WHAT YOU NEED TO DO
Would you print the lines below exactly, beginning at the line that has "1934 D USA Half Dollar F-VF (F15)" and stopping after the line that has "Fonds de commerce à vendre MODANE (73)"? Only those lines, and no pictures.

Data extracted from a collection:

* * * * * * * * *

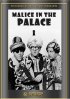 Постер «Malice in the Palace»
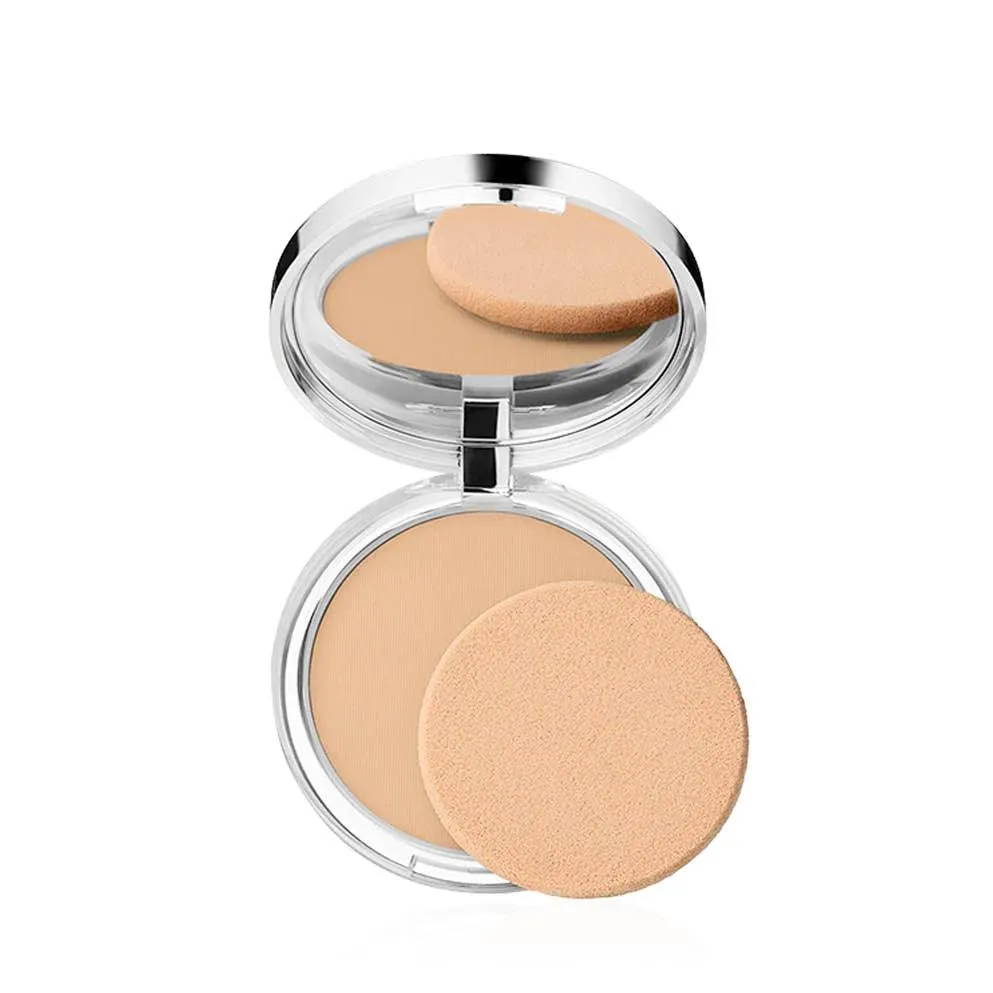 Stay-Matte Sheer Pressed Powder - Dry Combination to Oily Skin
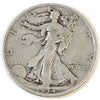 1934 D USA Half Dollar F-VF (F15)
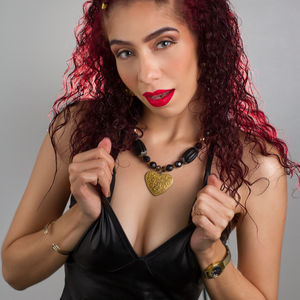 Female Profile & Live Cam Show SkyPrivate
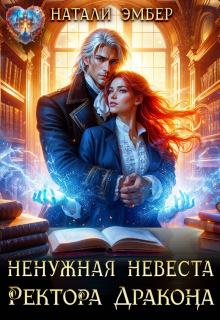 Ненужная невеста ректора дракона / Натали Эмбер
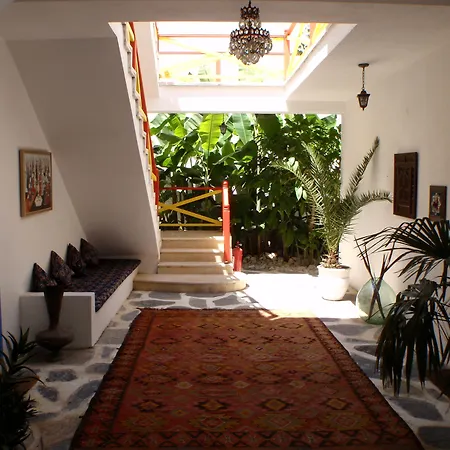 Su Hotel - Bodrum-3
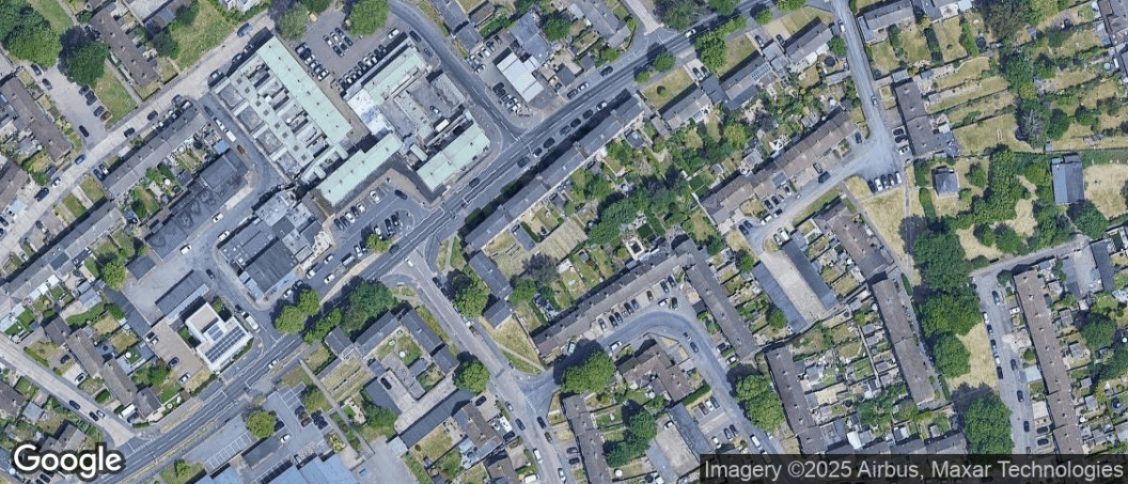 Gadebridge in Hemel Hempstead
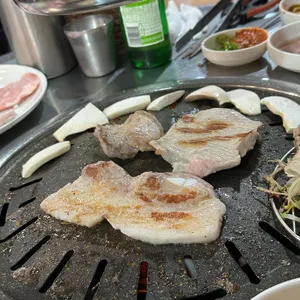 마포돈구이 사진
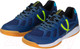 Миниатюра изображения товара Кроссовки Jogel Spirit (р-р 39, темно-синий/зеленый)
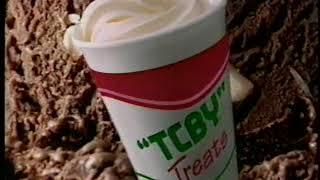 1996 - TCBY Treats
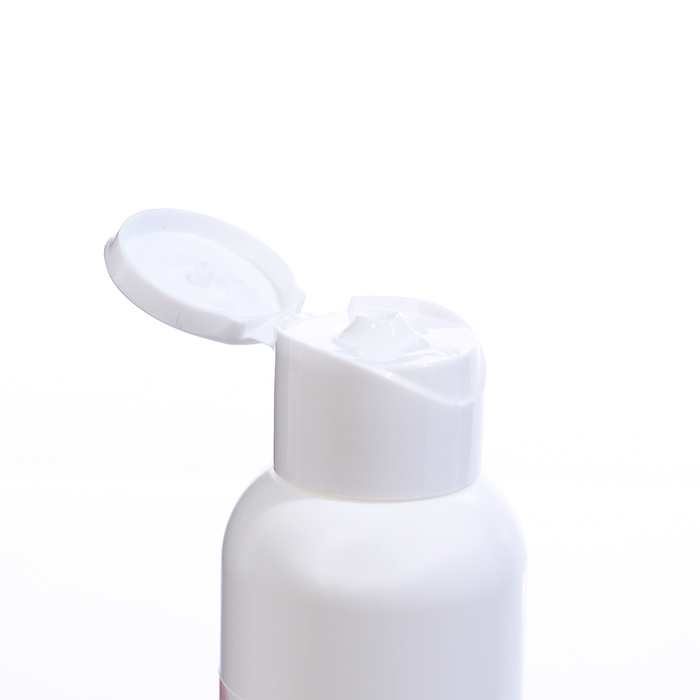 Жидкость для снятия лака  Жидкость для снятия лака "Улыбка",супер эффект, 100 мл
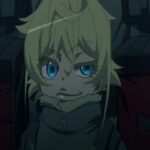 Youjo Senki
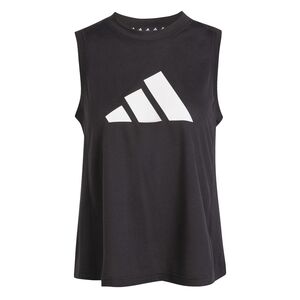 adidas Train Essentials Big Performance Logo Training Tanktop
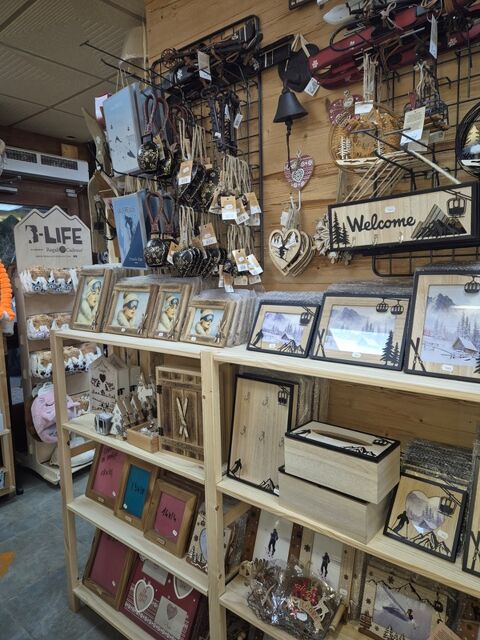   Fonds de commerce à vendre MODANE (73) 
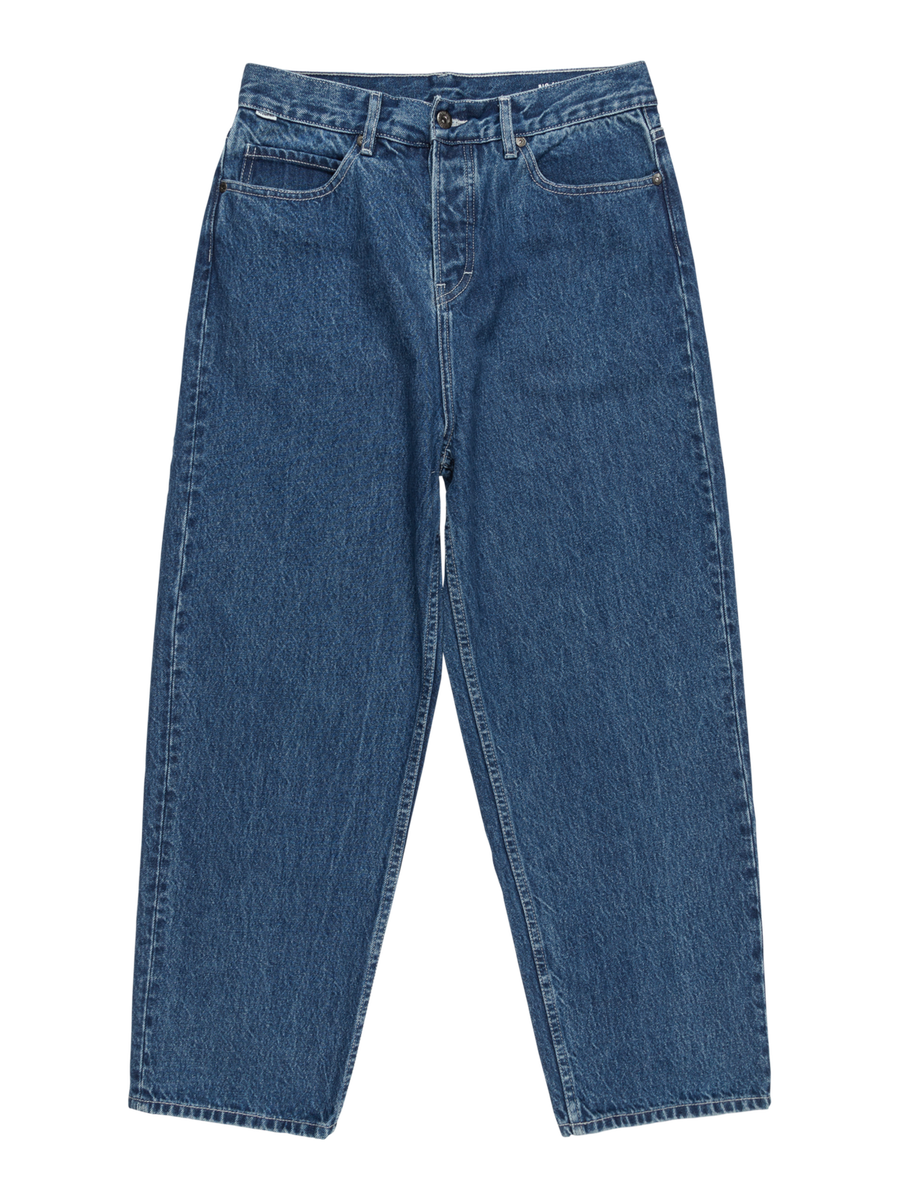 Broek van het merk Element in het Jeans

* * * * * * * * *

RESULT
 1934 D USA Half Dollar F-VF (F15)
 Female Profile & Live Cam Show SkyPrivate
 Ненужная невеста ректора дракона / Натали Эмбер
 Su Hotel - Bodrum-3
 Gadebridge in Hemel Hempstead
 마포돈구이 사진
 Миниатюра изображения товара Кроссовки Jogel Spirit (р-р 39, темно-синий/зеленый)
 1996 - TCBY Treats
 Жидкость для снятия лака  Жидкость для снятия лака "Улыбка",супер эффект, 100 мл
 Youjo Senki
 adidas Train Essentials Big Performance Logo Training Tanktop
   Fonds de commerce à vendre MODANE (73) 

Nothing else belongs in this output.